◆ Provided material ◆
_ _ _ _
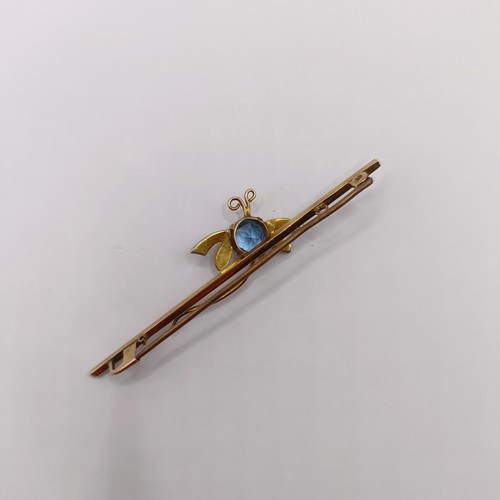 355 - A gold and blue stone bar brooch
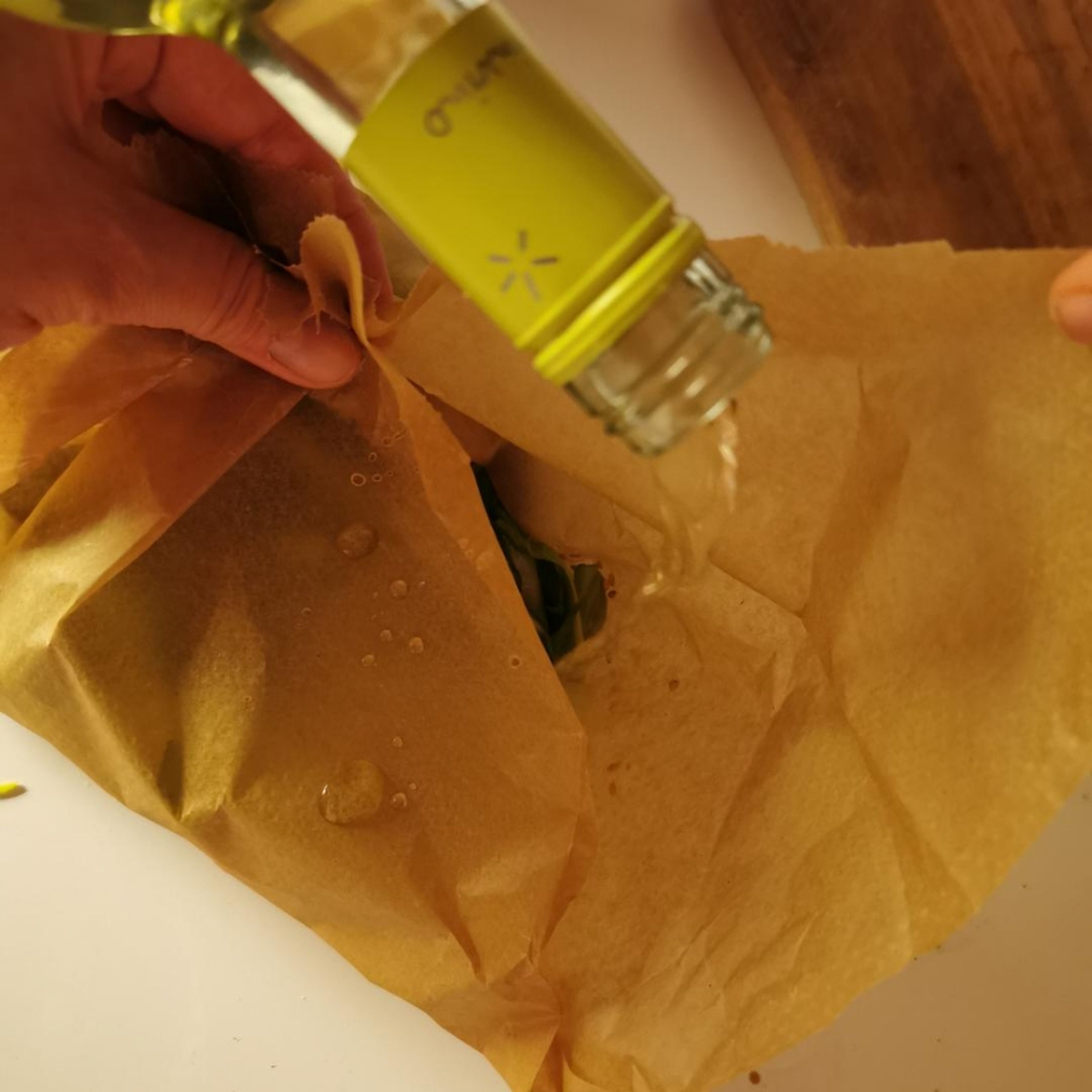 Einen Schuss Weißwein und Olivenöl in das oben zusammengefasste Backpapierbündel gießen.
_ _ _ _
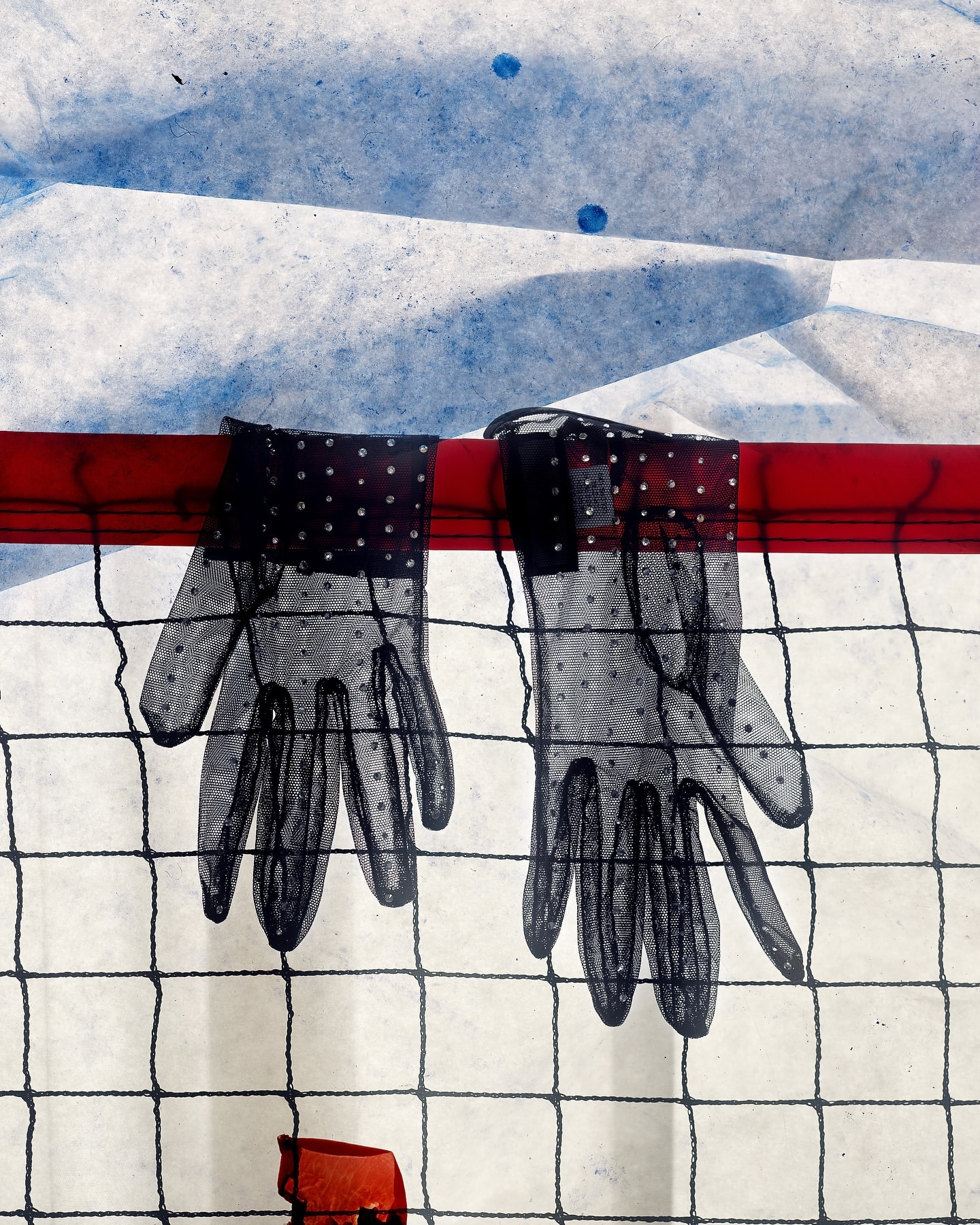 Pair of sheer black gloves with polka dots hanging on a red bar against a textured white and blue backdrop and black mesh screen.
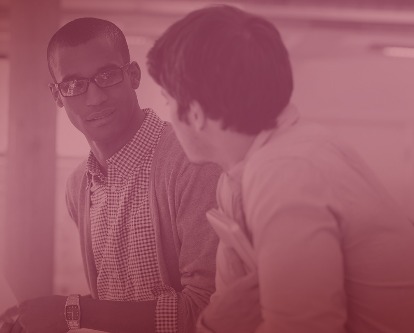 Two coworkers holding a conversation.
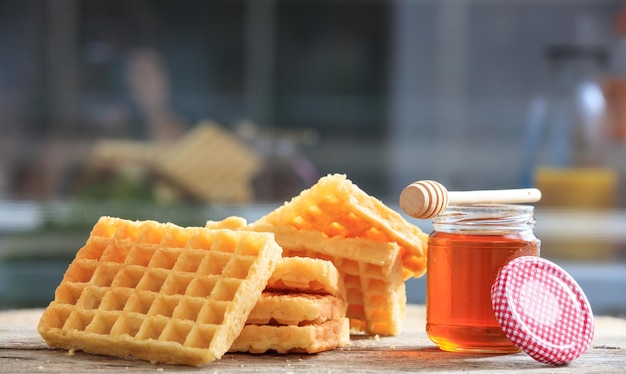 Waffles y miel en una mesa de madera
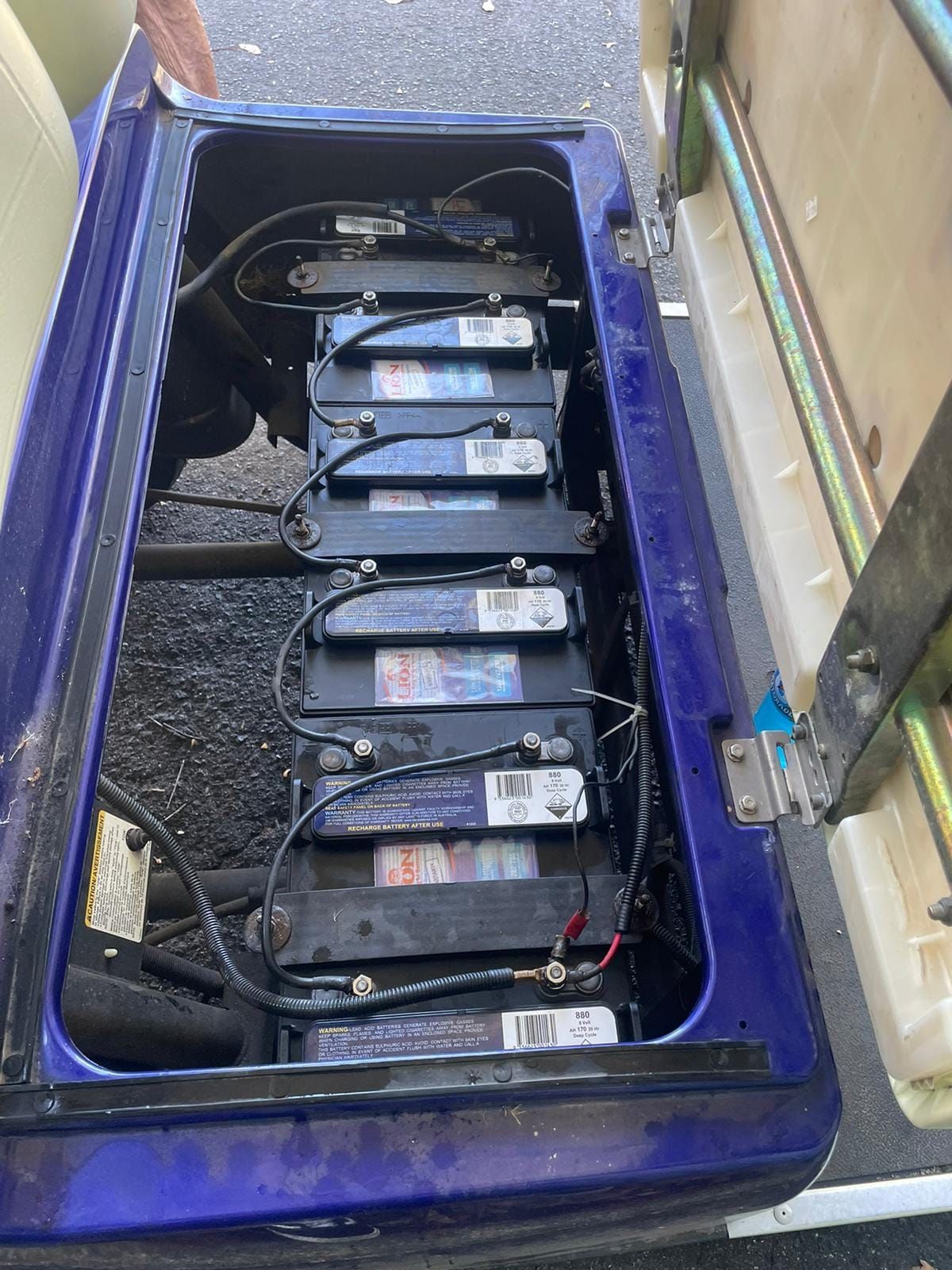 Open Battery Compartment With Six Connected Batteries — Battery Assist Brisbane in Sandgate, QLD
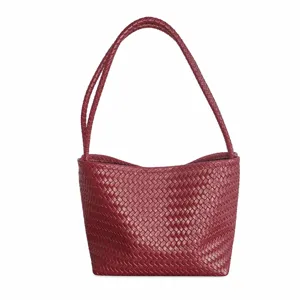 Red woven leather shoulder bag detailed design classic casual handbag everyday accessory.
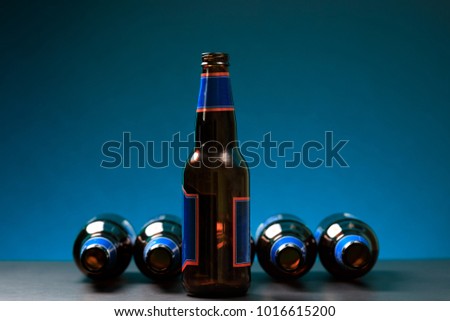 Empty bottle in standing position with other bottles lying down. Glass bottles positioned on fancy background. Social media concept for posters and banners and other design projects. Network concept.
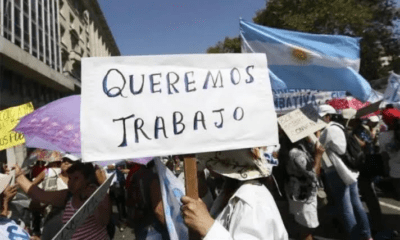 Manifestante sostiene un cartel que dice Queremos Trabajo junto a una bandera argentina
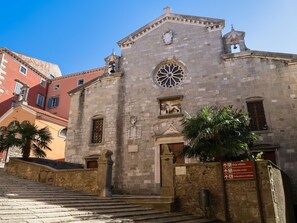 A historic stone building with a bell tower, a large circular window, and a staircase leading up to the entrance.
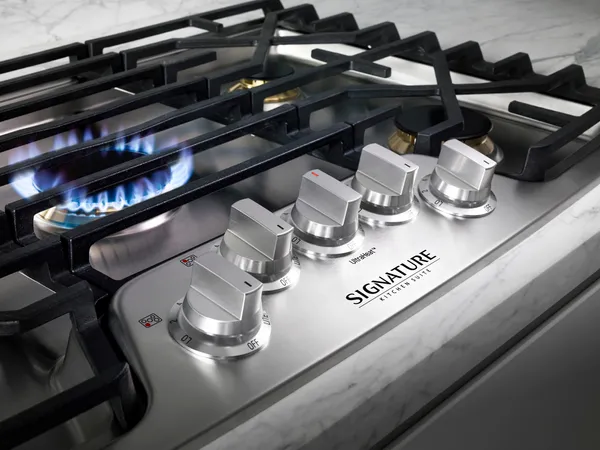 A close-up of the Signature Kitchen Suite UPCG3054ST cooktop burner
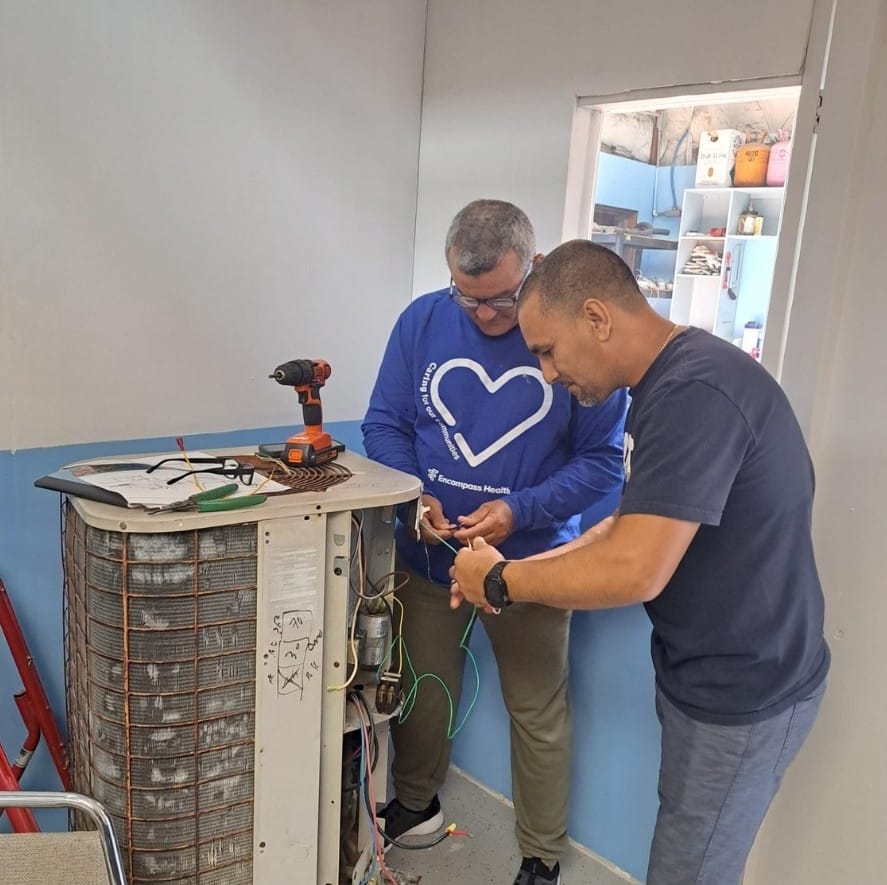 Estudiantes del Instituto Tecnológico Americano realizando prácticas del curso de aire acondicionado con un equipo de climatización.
_ _ _ _
◆ Goal of the exercise ◆
When copying from the data above, begin at the line containing "Two coworkers holding a conversation." and end at the line containing "A historic stone"; return those lines exactly and leave all pictures behind.

◆ Answer ◆
 Two coworkers holding a conversation.
 Waffles y miel en una mesa de madera
 Open Battery Compartment With Six Connected Batteries — Battery Assist Brisbane in Sandgate, QLD
 Red woven leather shoulder bag detailed design classic casual handbag everyday accessory.
 Empty bottle in standing position with other bottles lying down. Glass bottles positioned on fancy background. Social media concept for posters and banners and other design projects. Network concept.
 Manifestante sostiene un cartel que dice Queremos Trabajo junto a una bandera argentina
 A historic stone building with a bell tower, a large circular window, and a staircase leading up to the entrance.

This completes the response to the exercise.